By virtue of good management or good luck, Australia had a comfortable ride through the GFC. The latest data shows an economy struggling to transition out of an easy boom. Which means this time the ride will not be so smooth.
The November downgrade of medium term growth figures from 2.5-3.5% p.a to 2-3% p.a by the RBA does not bode well. The current annual rate sits at 2.3% p.a. As the graph clearly shows, GDP has fallen significantly since 2011-12. The RBA expect that growth will remain below trend before picking up thereafter.
Interest rate at all time low
The official cash rate was left at 2.5% p.a in February, unchanged since the RBA lowered the rate in August by 25 basis points; the lowest in the last twenty years. In fact, it is the lowest rate since the RBA was established in 1959.
Housing market has been very responsive to this decrease
Housing loan approvals have inched above $20 billion. Investors and repeat buyer owner-occupiers have secured the majority of these approvals. Accompanying this growth in approvals are increases in home values. RP Data indicates that Australian capital cities annual change in home values was 9.8%, boosted by red-hot Sydney (14.5%) and Perth (9.9%)
Business investment in decline
Business has been less responsive to the interest rate change, leaving the economy with a big unknown for 2014. This is a concern because business investment as a share of nominal GDP has been in decline since 2013.
Goodbye mining investment boom, hello lackluster business investment.
When broken down by industry, declining business investment has occurred in the non-mining industry for a much longer time period; but has been offset by rapid increase in mining investment since 2004. The decline of mining investment will have major ramifications for the Australian economy. A conservative estimate is that the investment cliff will leave a gap of 3% of GDP; it is more likely 5%.
Retailers can breathe a sigh of relief
The latest Chep index shows retail sales 4.2% higher in Dec 2013 compared with Dec 2012. On a quarterly basis the index was 4% higher in Dec 2013 compared with Dec 2012. This is the strongest sales growth since early 2010 and finally indicates consumers responding to the low interest rate environment.
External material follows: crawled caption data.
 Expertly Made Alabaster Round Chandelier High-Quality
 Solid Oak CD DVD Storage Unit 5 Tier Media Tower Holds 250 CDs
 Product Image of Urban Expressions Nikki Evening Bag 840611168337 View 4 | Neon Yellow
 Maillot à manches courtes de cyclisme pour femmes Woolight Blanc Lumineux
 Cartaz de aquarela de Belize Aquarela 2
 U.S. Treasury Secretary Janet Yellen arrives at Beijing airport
Souring consumer sentiment
Despite increases in sales, the consumer confidence index produced by Westpac Melbourne Institute decreased to 103.3 in Jan 2014, down from 105.0 in Dec 2013. This is the lowest level the index has been since July 2013, but remains above the long-term average.
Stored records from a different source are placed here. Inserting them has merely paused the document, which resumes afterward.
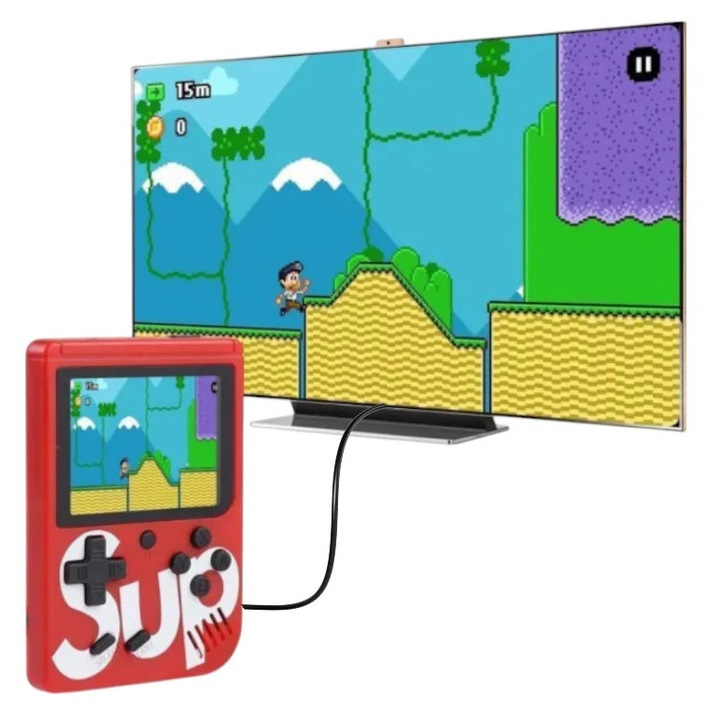 Mini Consola Retro Portabila cu 400 Jocuri – Conectare AV la TV, Display 8 cm, Controller, Baterie Reincarcabila, 12x8 cm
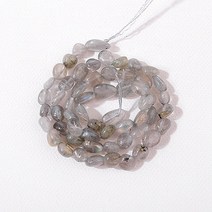 [5480-15]원석 못난이옥 약6x8mm 천연석 래브라도 반줄(약19cm)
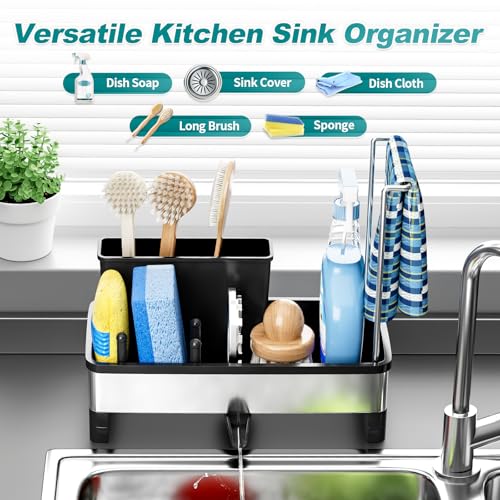 Ewaiira Stainless Steel Sink Caddy, Sponge Holder for Kitchen Sink with Brush Holder Dishcloth Rack, Rustproof sink Organi...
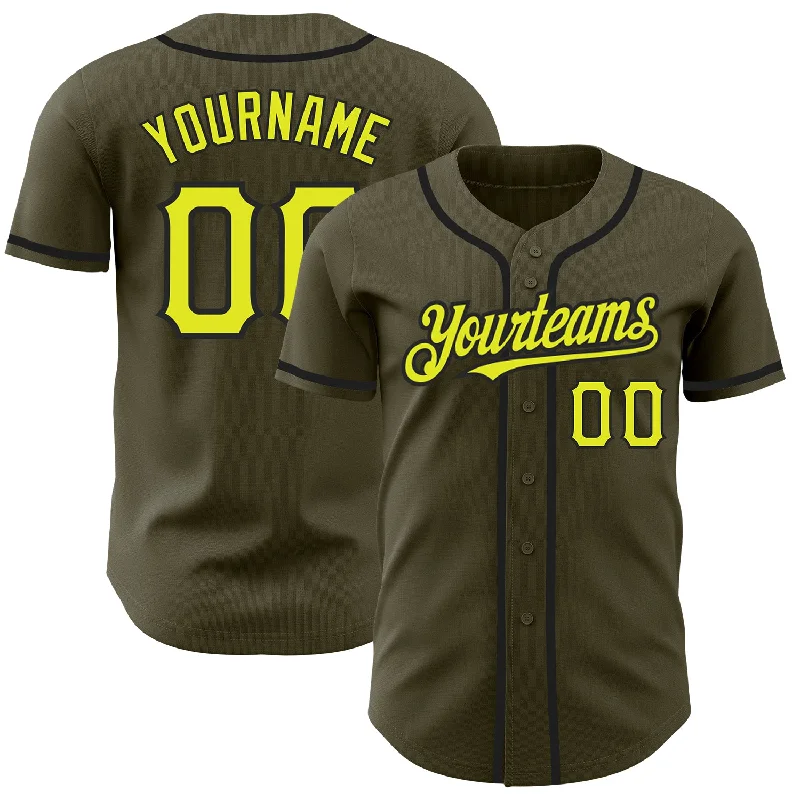 Baseball Jersey For High-School Team Customization-Custom Olive Neon Yellow-Black Authentic Salute To Service Baseball Jersey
Businesses cautiously optimistic
This graph produced by Dun and Blackstreet, clearly shows an upswing in expectations about sales, employment, selling prices, profits and capital investment for the first quarter of 2014. Perhaps the most important indicator is that 18% of businesses predict that they are planning to access new finance during Q1 to grow their operations: the highest response since Q4 2011.
Debt will grow
Australian government net debt as a percentage of nominal GDP for 2012-13 is sitting comfortably at 10%. If combined with the non-financial public sector this increases to 30%. Debt is expected to ‘blowout’ since Treasurer Hockey’s Mid Year Economic and Fiscal Outlook showed government debt set to increase by $17 billion beyond previously expected.
No sign for alarm
Compare Australia’s debt to the US (left) or any country in Europe and all looks well.
What is of concern however is that the combined tax revenue of Australia’s state and federal government fell to just 26.5% of GDP in 2011. Which, the OECD says, is the lowest level in two decades.
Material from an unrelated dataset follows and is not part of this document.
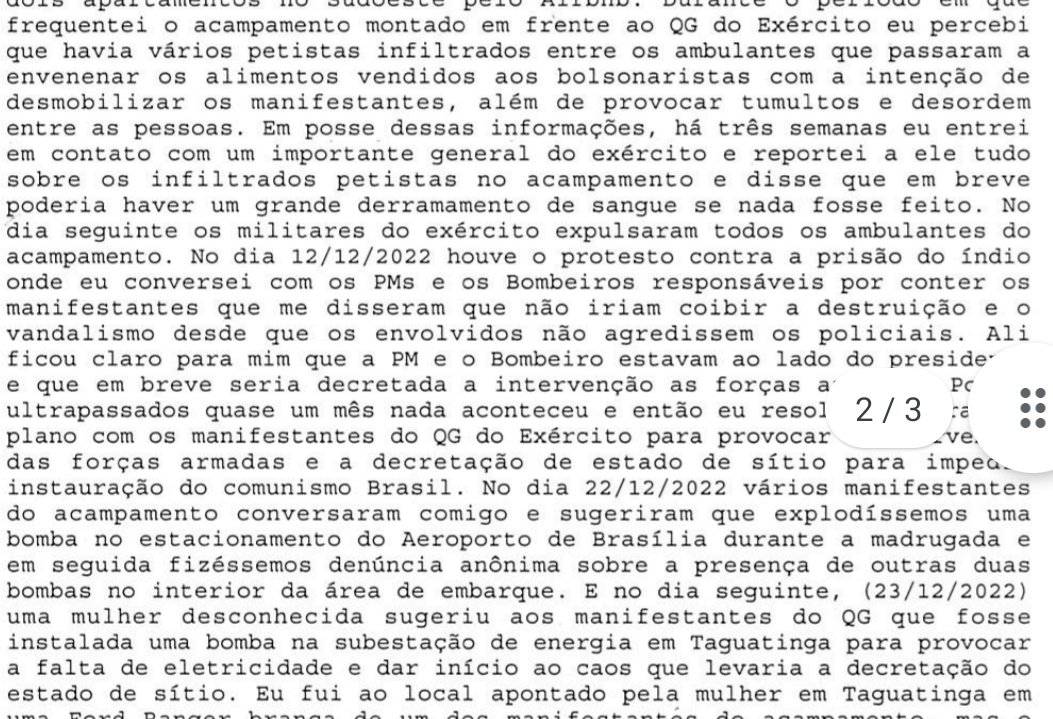 reporterenato's tweet photo. TERRORISMO: Em depoimento a polícia, homem que implantou bombas perto do Aeroporto de Brasília disse que teria avisado a general do Exército de ataque e que conversou com policiais de Brasília e percebeu que eles não atuariam para impedir ataques que ocorreram no centro da cidade https://t.co/tZS7z4Nhca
More unemployed, less participating
The highest rate of unemployment in 10 years was reached in January, sitting at 6.0%. This was accompanied by a further decrease in the participation rate, from 64.6% in Dec to 64.5%. While these decreases are helping to keep unemployment in check it is not expected to stay submerged for long. Current forecasts have the rate climbing to a sustained rate of 6.25%.
Decreasing job vacancies and advertisements not encouraging
The graph clearly shows a trend decline in vacancies and advertisements since 2010. This confirms consumer’s expectations that unemployment will continue to rise in 2014. The Westpac Unemployment Expectations Index increased from 152.4 in Jan to 155.9 in February, a percentage change of 2.3% or a year on year increase of 7.5%.
The key to the economic future of Australia now rests with the expansion of exports. This will only occur with a significant decrease in the exchange rate. Gone are the extreme highs of mid 2012-13, where the $AUD breached parity. It has been fluctuating around 0.89c. Further decreases will be beneficial to exporting industries.
Monetary policy has rejuvenated the housing market and green shoots of recovery in the retail sector have been seen recently. However this does not calm growing fears over a lack of business investment and rising unemployment levels. As other developed countries are expected to kick out of the GFC black hole in 2014, Australia may be about to enter into it. There is no time for resting on laurels. Much needs to be done.